# Task to complete
Word for word, restate the line containing "2024年完美学案六年级语文上册人教版 参考答案第1页" and all the lines that come after it in the entries below. Include nothing from before it.

# Source information
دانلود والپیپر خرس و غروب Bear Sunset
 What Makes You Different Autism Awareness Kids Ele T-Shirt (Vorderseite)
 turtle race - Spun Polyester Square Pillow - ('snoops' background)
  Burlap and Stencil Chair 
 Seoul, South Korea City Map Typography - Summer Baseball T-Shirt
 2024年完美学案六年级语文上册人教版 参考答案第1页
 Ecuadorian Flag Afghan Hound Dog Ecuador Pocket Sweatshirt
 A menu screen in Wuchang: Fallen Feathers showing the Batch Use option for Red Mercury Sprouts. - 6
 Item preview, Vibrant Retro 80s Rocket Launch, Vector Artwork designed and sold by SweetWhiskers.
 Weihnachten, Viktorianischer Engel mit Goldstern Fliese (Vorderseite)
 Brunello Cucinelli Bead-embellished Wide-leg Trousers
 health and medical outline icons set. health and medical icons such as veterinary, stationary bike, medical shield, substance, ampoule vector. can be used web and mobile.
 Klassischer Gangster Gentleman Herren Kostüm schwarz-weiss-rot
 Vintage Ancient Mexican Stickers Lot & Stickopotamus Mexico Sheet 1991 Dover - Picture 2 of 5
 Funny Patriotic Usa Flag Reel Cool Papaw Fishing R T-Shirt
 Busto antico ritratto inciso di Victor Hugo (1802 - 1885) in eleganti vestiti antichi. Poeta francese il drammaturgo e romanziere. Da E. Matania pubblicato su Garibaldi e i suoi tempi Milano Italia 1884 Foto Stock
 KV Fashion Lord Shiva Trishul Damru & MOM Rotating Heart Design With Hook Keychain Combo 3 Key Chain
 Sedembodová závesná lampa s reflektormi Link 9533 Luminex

# Response to the task
 2024年完美学案六年级语文上册人教版 参考答案第1页
 Ecuadorian Flag Afghan Hound Dog Ecuador Pocket Sweatshirt
 A menu screen in Wuchang: Fallen Feathers showing the Batch Use option for Red Mercury Sprouts. - 6
 Item preview, Vibrant Retro 80s Rocket Launch, Vector Artwork designed and sold by SweetWhiskers.
 Weihnachten, Viktorianischer Engel mit Goldstern Fliese (Vorderseite)
 Brunello Cucinelli Bead-embellished Wide-leg Trousers
 health and medical outline icons set. health and medical icons such as veterinary, stationary bike, medical shield, substance, ampoule vector. can be used web and mobile.
 Klassischer Gangster Gentleman Herren Kostüm schwarz-weiss-rot
 Vintage Ancient Mexican Stickers Lot & Stickopotamus Mexico Sheet 1991 Dover - Picture 2 of 5
 Funny Patriotic Usa Flag Reel Cool Papaw Fishing R T-Shirt
 Busto antico ritratto inciso di Victor Hugo (1802 - 1885) in eleganti vestiti antichi. Poeta francese il drammaturgo e romanziere. Da E. Matania pubblicato su Garibaldi e i suoi tempi Milano Italia 1884 Foto Stock
 KV Fashion Lord Shiva Trishul Damru & MOM Rotating Heart Design With Hook Keychain Combo 3 Key Chain
 Sedembodová závesná lampa s reflektormi Link 9533 Luminex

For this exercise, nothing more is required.